I’m currently working on training a GPT model using The Pile dataset on a single node with 8 A100 GPUs. This dataset is quite large, weighing in at around 950 GB. To achieve efficient distributed training, I’m leveraging torchrun
for its ease of use and seamless integration. However, I’ve encountered an issue where the data loading process seems to be triggered 8 times in parallel, which, I suspect, leads to excessive disk read overhead and consequently, a slow loading process.
When running the training on a single GPU, the dataset takes about 10 minutes to load. However, with all 8 GPUs in action, the loading time increases significantly, taking over an hour.
Here’s the command I’m using to initiate the training:
torchrun -m --nproc_per_node=8 gpt train
And this is the general structure of the relevant training code:
def train(cfg: DictConfig):
# Setup data and dataloader
data_module = prepare_data_module(**cfg.data)

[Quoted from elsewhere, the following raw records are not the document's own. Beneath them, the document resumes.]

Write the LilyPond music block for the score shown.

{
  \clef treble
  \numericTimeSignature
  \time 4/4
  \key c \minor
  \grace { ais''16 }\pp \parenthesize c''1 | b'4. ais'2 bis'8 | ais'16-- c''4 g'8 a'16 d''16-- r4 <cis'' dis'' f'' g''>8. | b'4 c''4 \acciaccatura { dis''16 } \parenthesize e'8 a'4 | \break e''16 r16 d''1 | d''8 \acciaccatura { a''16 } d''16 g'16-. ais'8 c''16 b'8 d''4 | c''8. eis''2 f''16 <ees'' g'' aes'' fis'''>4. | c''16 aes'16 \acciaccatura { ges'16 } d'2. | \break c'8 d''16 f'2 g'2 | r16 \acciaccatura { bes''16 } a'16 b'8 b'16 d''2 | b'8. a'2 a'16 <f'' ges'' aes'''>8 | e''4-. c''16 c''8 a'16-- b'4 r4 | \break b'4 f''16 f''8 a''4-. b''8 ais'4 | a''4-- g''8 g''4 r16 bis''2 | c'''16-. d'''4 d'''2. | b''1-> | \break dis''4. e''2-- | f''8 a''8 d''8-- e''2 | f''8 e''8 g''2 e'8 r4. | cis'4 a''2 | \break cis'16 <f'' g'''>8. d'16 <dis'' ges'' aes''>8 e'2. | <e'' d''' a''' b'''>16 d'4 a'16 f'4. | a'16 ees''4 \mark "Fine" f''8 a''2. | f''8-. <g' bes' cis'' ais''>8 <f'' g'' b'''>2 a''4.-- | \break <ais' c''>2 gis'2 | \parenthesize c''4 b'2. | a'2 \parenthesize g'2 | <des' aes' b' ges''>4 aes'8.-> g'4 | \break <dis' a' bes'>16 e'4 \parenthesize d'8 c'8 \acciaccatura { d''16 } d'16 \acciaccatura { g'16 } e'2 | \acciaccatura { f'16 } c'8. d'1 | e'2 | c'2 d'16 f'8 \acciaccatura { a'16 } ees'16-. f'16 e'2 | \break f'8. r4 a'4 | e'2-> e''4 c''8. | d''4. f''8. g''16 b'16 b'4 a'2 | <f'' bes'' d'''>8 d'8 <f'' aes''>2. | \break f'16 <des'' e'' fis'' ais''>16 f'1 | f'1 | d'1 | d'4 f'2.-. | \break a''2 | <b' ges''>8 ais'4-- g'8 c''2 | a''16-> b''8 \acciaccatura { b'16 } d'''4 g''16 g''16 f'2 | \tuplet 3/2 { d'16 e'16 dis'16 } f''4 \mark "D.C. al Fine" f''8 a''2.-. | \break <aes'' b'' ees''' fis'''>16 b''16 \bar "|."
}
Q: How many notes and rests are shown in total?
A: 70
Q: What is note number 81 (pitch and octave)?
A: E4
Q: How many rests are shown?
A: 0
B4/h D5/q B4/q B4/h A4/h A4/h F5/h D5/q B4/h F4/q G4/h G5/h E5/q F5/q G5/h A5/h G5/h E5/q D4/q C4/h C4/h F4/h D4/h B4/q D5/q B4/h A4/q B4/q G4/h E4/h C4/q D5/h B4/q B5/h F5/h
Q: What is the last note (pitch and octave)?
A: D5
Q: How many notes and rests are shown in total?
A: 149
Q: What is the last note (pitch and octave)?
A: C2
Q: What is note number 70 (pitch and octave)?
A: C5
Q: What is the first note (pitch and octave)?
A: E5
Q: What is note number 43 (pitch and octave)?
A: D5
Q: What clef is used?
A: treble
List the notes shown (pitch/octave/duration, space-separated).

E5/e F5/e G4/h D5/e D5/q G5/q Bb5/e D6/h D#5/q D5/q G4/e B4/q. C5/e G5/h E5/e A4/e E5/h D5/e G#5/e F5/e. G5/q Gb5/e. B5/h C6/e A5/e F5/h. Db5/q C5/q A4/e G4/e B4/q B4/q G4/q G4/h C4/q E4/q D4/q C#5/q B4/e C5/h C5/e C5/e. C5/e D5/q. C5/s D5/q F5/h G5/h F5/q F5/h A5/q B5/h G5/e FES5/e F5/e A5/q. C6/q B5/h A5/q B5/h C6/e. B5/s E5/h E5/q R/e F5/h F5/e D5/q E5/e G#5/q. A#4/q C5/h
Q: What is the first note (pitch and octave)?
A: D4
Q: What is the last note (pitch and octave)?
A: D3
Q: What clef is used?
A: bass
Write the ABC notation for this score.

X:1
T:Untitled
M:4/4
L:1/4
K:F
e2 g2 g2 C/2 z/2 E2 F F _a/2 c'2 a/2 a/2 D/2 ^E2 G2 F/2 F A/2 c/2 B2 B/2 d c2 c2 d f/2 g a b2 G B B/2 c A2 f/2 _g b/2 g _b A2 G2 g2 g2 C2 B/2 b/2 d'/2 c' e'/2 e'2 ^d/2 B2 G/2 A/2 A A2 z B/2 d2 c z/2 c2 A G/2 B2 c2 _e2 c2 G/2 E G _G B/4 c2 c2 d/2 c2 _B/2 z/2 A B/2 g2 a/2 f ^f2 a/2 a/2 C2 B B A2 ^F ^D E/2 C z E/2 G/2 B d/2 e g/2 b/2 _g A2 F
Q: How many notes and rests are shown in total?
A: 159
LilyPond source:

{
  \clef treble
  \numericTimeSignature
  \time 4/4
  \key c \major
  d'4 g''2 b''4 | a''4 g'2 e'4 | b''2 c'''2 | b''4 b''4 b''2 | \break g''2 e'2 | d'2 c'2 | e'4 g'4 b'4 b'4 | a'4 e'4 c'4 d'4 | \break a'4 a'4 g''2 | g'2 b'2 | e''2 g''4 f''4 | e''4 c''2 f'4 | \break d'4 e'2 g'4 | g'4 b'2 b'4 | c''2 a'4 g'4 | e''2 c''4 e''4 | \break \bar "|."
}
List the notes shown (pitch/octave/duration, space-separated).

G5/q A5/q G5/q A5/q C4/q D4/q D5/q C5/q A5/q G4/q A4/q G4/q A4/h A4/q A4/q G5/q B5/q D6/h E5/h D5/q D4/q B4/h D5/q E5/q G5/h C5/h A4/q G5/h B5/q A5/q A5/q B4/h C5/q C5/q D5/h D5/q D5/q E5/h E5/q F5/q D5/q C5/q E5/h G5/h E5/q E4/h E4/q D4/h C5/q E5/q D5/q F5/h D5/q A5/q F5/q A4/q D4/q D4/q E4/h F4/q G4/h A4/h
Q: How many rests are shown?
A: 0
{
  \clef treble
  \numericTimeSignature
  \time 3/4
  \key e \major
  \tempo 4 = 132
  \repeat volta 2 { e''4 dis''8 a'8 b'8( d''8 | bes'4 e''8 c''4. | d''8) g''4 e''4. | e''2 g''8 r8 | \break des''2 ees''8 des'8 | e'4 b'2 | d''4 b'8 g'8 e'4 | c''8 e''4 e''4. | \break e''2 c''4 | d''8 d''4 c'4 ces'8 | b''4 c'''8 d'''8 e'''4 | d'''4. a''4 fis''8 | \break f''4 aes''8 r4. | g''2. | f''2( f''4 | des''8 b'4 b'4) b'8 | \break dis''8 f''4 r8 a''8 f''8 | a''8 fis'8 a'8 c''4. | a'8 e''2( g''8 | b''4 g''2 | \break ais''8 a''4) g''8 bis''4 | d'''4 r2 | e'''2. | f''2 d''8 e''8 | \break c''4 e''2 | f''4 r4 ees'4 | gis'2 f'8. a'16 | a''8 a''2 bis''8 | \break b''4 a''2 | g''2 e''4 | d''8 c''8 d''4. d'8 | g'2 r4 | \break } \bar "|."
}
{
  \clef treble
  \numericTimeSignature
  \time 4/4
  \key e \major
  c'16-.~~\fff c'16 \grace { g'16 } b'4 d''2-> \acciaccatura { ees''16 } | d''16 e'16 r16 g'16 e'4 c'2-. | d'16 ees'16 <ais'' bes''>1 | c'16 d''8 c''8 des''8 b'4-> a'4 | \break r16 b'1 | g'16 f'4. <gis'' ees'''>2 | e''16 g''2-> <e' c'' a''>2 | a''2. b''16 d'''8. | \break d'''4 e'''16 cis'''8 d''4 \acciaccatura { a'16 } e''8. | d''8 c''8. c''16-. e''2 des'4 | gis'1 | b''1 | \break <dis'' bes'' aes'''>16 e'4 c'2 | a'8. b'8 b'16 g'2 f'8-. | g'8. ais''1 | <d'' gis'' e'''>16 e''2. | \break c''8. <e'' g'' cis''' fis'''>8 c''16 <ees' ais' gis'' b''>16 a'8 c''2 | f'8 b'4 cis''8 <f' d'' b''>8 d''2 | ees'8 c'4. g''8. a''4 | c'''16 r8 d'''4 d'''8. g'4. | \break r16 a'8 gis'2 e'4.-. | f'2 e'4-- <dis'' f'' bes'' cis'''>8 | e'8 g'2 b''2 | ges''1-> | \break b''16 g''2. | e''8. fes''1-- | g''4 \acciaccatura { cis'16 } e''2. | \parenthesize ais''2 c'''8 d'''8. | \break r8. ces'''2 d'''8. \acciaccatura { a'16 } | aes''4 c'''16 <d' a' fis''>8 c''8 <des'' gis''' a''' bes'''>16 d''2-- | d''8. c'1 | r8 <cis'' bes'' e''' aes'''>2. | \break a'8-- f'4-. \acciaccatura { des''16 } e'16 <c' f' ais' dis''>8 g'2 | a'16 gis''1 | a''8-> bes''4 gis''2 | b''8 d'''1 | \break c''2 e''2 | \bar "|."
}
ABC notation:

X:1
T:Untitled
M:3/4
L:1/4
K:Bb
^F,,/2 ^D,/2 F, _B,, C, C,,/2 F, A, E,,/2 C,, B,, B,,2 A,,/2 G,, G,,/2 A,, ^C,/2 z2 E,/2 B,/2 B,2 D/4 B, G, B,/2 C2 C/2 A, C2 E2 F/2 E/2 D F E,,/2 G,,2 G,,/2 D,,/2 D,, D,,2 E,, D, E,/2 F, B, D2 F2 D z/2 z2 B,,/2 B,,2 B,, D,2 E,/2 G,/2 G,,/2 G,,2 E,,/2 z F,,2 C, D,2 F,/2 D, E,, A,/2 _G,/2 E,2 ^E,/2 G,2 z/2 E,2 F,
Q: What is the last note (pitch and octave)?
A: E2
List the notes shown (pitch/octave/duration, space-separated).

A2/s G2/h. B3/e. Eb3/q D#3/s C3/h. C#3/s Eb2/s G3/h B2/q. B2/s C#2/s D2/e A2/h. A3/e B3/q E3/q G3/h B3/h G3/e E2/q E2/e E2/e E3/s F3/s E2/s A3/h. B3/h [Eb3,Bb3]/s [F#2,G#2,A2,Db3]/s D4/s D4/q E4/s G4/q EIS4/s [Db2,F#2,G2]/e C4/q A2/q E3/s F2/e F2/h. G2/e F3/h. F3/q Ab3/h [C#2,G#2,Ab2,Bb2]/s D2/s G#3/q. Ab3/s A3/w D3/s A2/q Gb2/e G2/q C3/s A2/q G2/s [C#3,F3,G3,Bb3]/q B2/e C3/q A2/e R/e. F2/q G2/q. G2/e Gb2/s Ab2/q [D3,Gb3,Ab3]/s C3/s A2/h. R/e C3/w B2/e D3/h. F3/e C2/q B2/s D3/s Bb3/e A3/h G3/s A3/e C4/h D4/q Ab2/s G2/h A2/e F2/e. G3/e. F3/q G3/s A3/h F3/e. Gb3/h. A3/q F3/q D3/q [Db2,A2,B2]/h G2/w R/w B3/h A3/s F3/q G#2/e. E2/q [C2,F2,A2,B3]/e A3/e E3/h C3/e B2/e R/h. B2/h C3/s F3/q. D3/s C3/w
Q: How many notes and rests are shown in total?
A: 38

train_dataloader = data_module.train_dataloader()
val_dataloader = data_module.val_dataloader()
# Extract tokenizer from datamodule
tokenizer = data_module.tokenizer
# Setup model and optimizer
model = GPT(**cfg.model)
# Setup data collator
data_collator = DataCollatorForLanguageModeling(tokenizer, mlm=False)
train_args = TrainingArguments(**cfg.train_args)
trainer = Trainer(
model=model,
tokenizer=tokenizer,
train_args=args,
data_collator=data_collator,
train_dataset=train_dataloader,
eval_dataset=val_dataloader,
)
trainer.train()
I am seeking insights from the community on potential optimizations to resolve this data loading bottleneck. Are there any recommendations or best practices for efficiently handling data loading and distribution when training large-scale models like GPT with PyTorch?
Looking forward to your thoughts and suggestions!